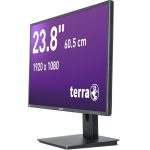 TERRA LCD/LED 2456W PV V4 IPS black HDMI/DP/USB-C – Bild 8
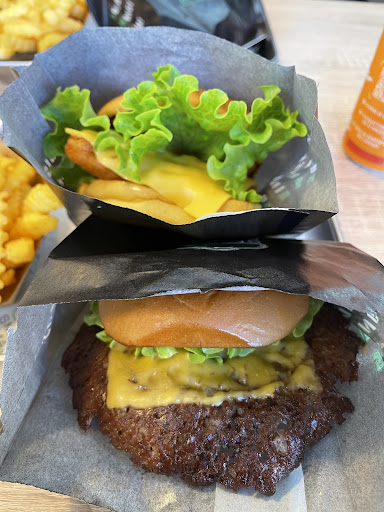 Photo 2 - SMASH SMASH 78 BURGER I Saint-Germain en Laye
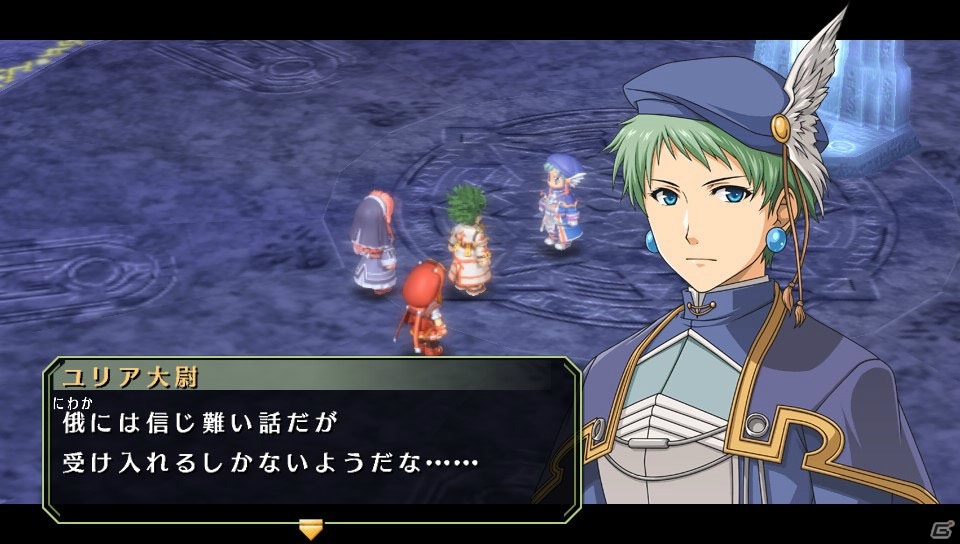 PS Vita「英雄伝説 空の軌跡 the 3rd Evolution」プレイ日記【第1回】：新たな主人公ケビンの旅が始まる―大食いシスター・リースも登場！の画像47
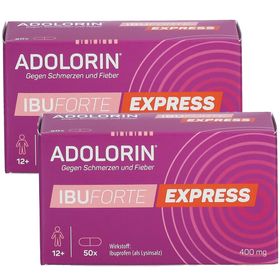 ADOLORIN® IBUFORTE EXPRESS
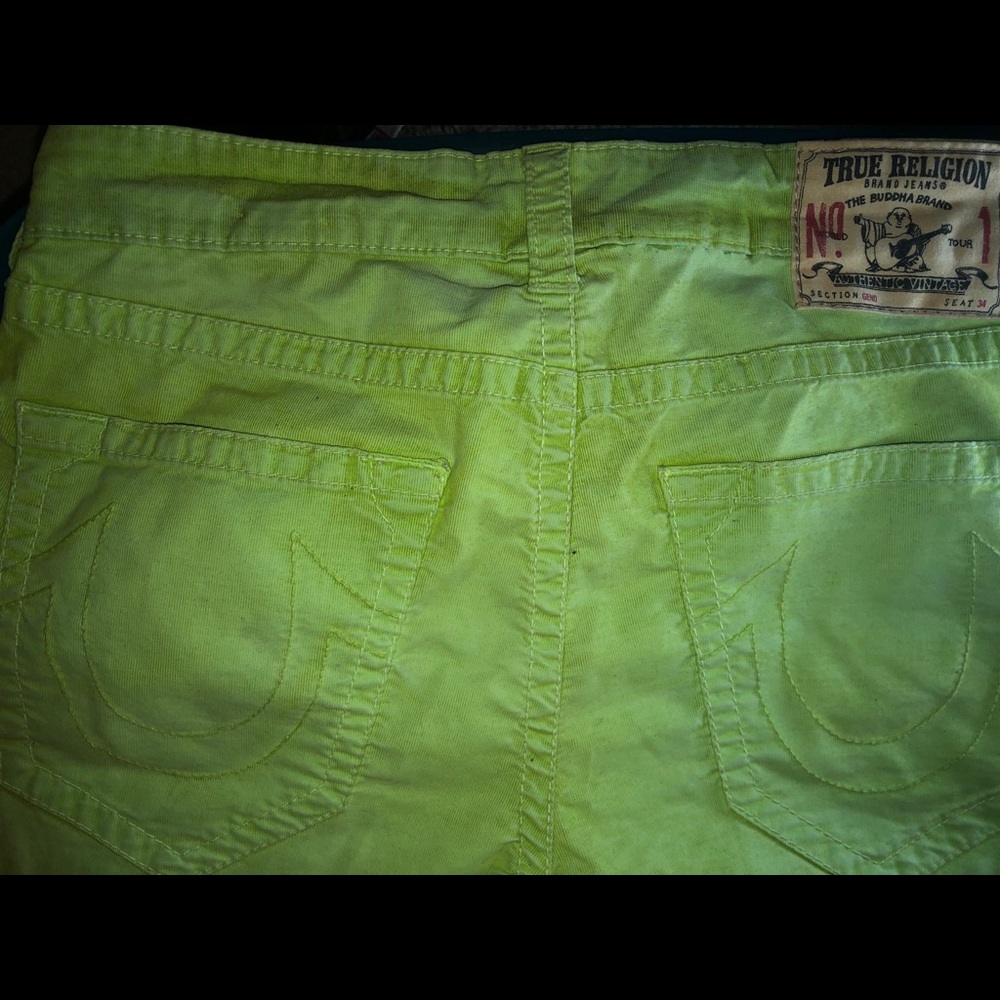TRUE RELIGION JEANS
################
*Exercise:* Your copy of the records must match them exactly, except that no pictures appear in it.

*Task output:*
 TERRA LCD/LED 2456W PV V4 IPS black HDMI/DP/USB-C – Bild 8
 Photo 2 - SMASH SMASH 78 BURGER I Saint-Germain en Laye
 PS Vita「英雄伝説 空の軌跡 the 3rd Evolution」プレイ日記【第1回】：新たな主人公ケビンの旅が始まる―大食いシスター・リースも登場！の画像47
 ADOLORIN® IBUFORTE EXPRESS
TRUE RELIGION JEANS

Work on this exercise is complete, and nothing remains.